## Provided material
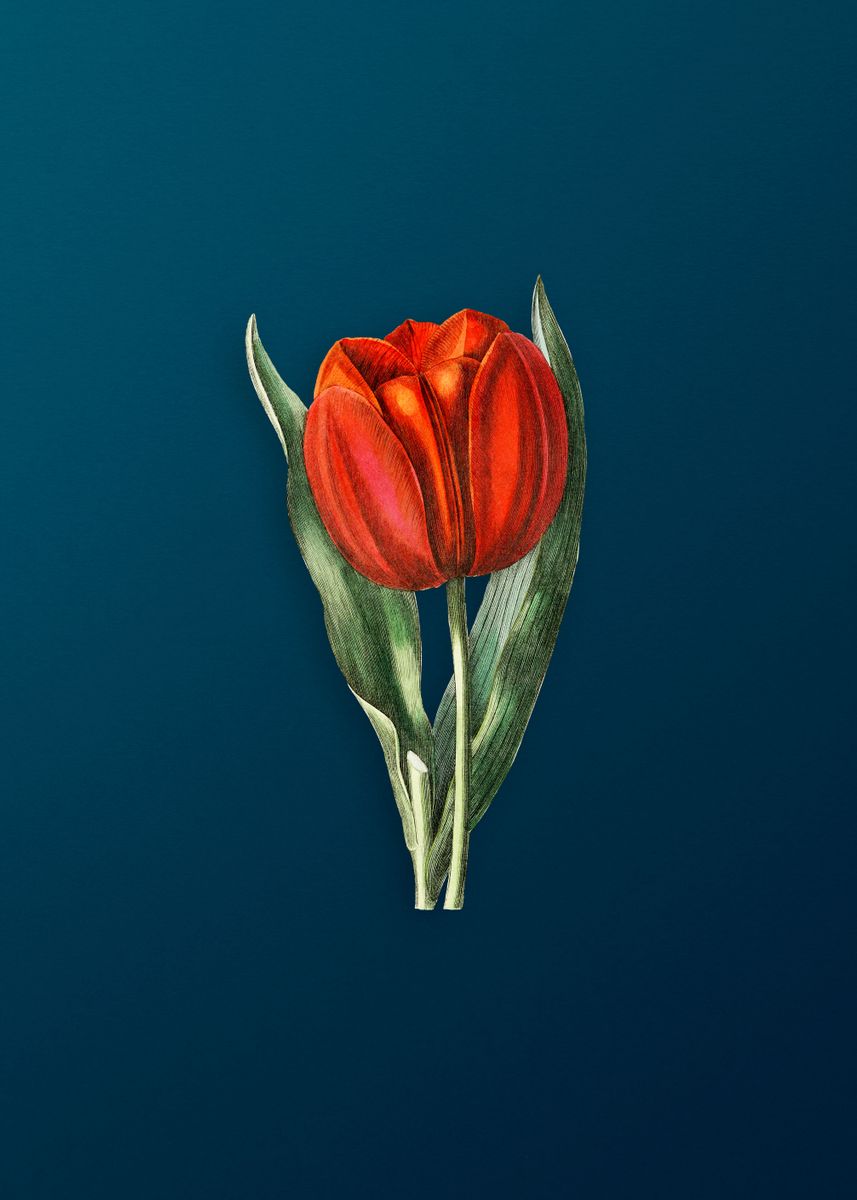 'Gesners Tulip Branch' Poster by Holy Rock Design | Displate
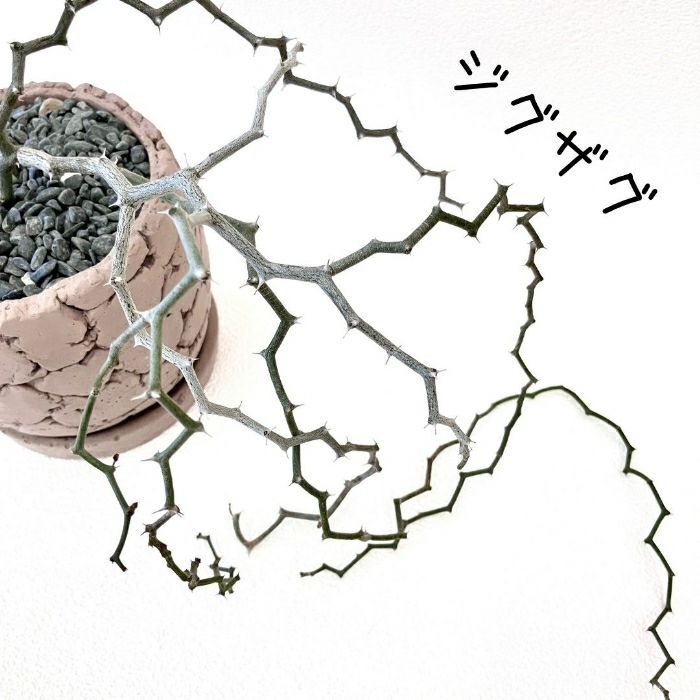 観葉植物現品販売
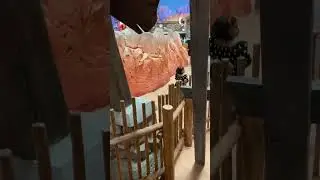 Flying Beast Instagram Story | 29 december 2021| ritu instagram story | Rashu | Abu dabi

## Exercise instructions
Reproduce the full listing faithfully, but do not carry over any pictures.

## Task answer
 'Gesners Tulip Branch' Poster by Holy Rock Design | Displate
 観葉植物現品販売
 Flying Beast Instagram Story | 29 december 2021| ritu instagram story | Rashu | Abu dabi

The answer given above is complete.